What is the significance of the national organization for women




















Organization: National Organization for Women. Location: District of Columbia ; National. Featured NPO spotlight Ipas. November 3, Poll View all. Today, women earn only one in three of the B. In all the professions considered of importance to society, and in the executive ranks of industry and government, women are losing ground.

Where they are present it is only a token handful. Official pronouncements of the advance in the status of women hide not only the reality of this dangerous decline, but the fact that nothing is being done to stop it.

Such Commissions have power only to advise. They have no power to enforce their recommendation; nor have they the freedom to organize American women and men to press for action on them. The reports of these commissions have, however, created a basis upon which it is now possible to build.

But although nearly one-third of the cases brought before the Equal Employment Opportunity Commission during the first year dealt with sex discrimination and the proportion is increasing dramatically, the Commission has not made clear its intention to enforce the law with the same seriousness on behalf of women as of other victims of discrimination.

Many of these cases were Negro women, who are the victims of double discrimination of race and sex. The National Organization for Women must therefore begin to speak. Constitution to the civil rights of all individuals, must be effectively applied and enforced to isolate and remove patterns of sex discrimination, to ensure equality of opportunity in employment and education, and equality of civil and political rights and responsibilities on behalf of women, as well as for Negroes and other deprived groups.

Therefore, convinced that human rights for all are indivisible, we expect to give active support to the common cause of equal rights for all those who suffer discrimination and deprivation, and we call upon other organizations committed to such goals to support our efforts toward equality for women. WE DO NOT ACCEPT the token appointment of a few women to high-level positions in government and industry as a substitute for serious continuing effort to recruit and advance women according to their individual abilities.
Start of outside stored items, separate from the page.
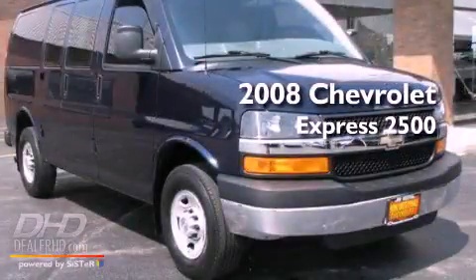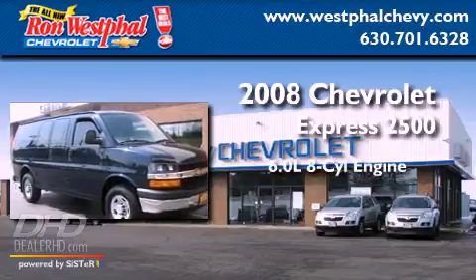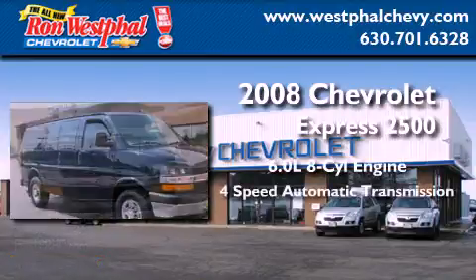This is a 2008 Chevrolet Express 2500. It has a 6.0-liter 8-cylinder engine and a 4-speed automatic transmission.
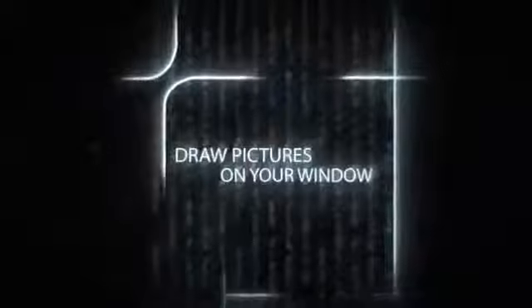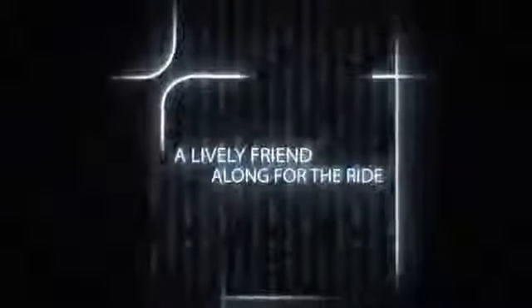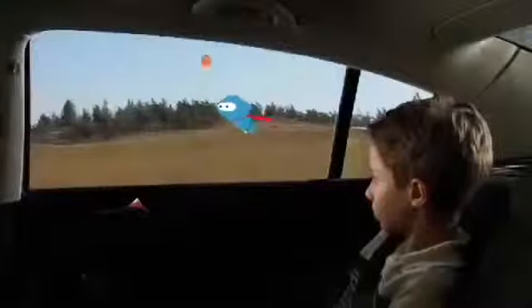One of the examples has to do with kids playing, interacting with the window by drawing on it. Another application has to do with a little creature that flies with you and walks with you as you drive, and interacts with what the car is doing. So if the car speeds up, it flies faster. The idea is that the applications on the window actually have the same physics as the vehicle itself.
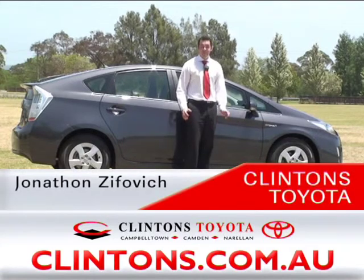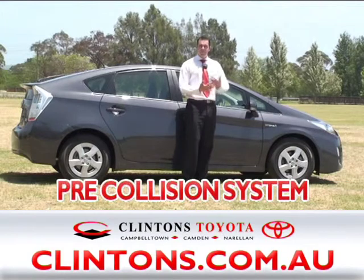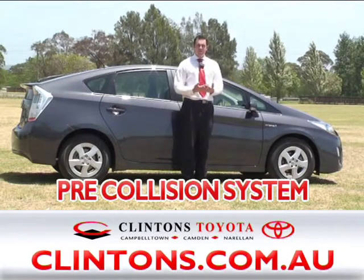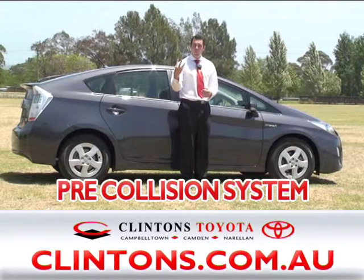The Toyota Prius incorporates a fantastic safety system called the pre-collision system. It's a system that is always watching ahead of the vehicle and will tell you if an impact is imminent. It works in three stages. The first is if it detects there may possibly be a collision, it'll give you an audible warning on the dash.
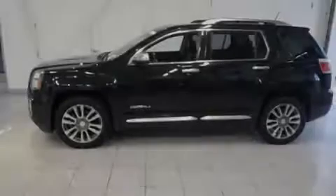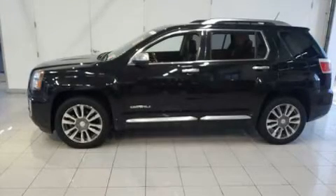Discerning drivers will appreciate the 2017 GMC Terrain. It's equipped with tons of terrific amenities, but it won't break your budget.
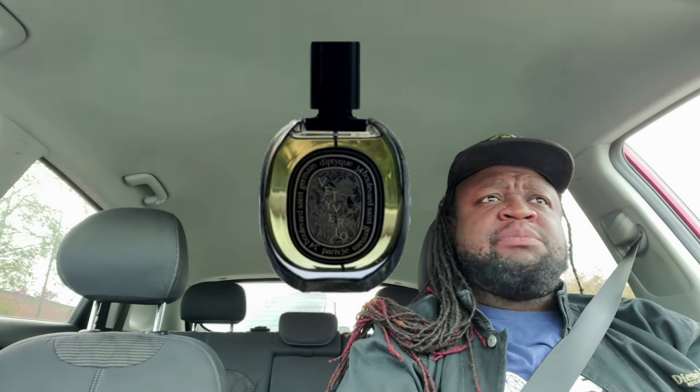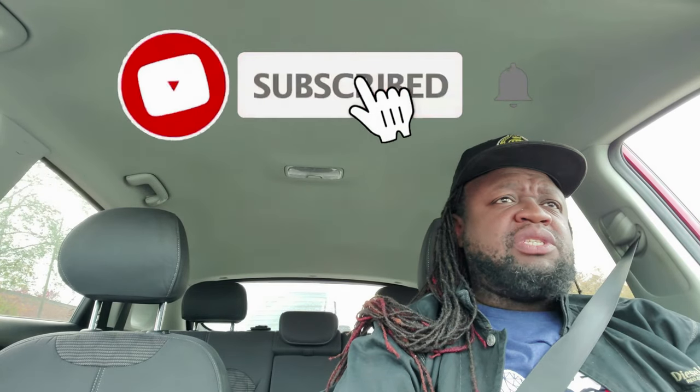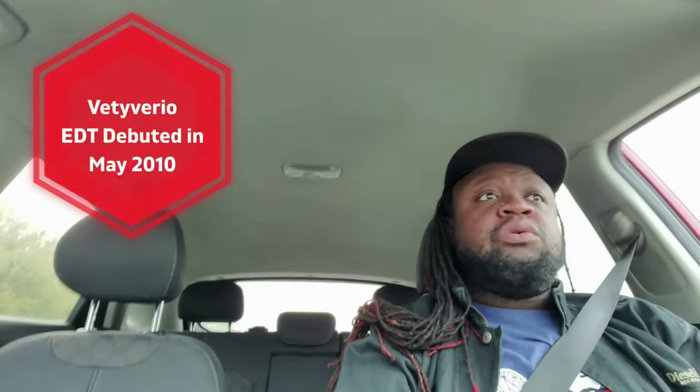I've been seeing Diptyque around in my scent box subscription for a long time — not necessarily this fragrance, but this house. To be quite honest with you, I did not give the house a chance because I had never heard of them and wasn't sure I wanted to know more. Partially the naming conventions put me off, and they are a bit pricey. At that time I was not as enlightened in my fragrance journey as I am now, and I wasn't as adventurous — I usually only went with designers I already knew.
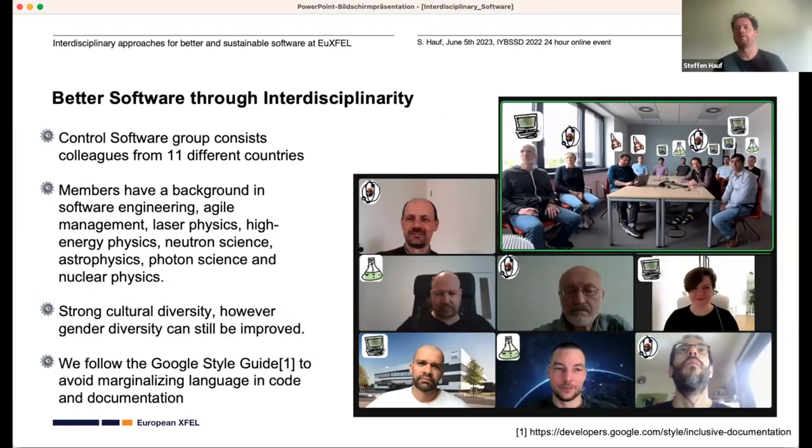So who does all that? Our group is pretty interdisciplinary and diverse — colleagues from 11 different countries, with backgrounds anywhere from software engineering to nuclear physics. We also have strong cultural diversity. However, as you can see from the picture, we should be honest that gender diversity can still be improved. What was said earlier in the interviews is really important: we need to start early, at high school and university, to show young people that a career in software engineering at a facility like ours can be both interesting and achievable.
To this end, we urge American government and industry to mobilize the same resources of ingenuity and command with which they have solved problems of far greater difficulty than those now impeding the progress of women. WE BELIEVE that this nation has a capacity at least as great as other nations, to innovate new social institutions which will enable women to enjoy the true equality of opportunity and responsibility in society, without conflict with their responsibilities as mothers and homemakers.

In such innovations, America does not lead the Western world, but lags by decades behind many European countries. Today, women earn only one in three of the B.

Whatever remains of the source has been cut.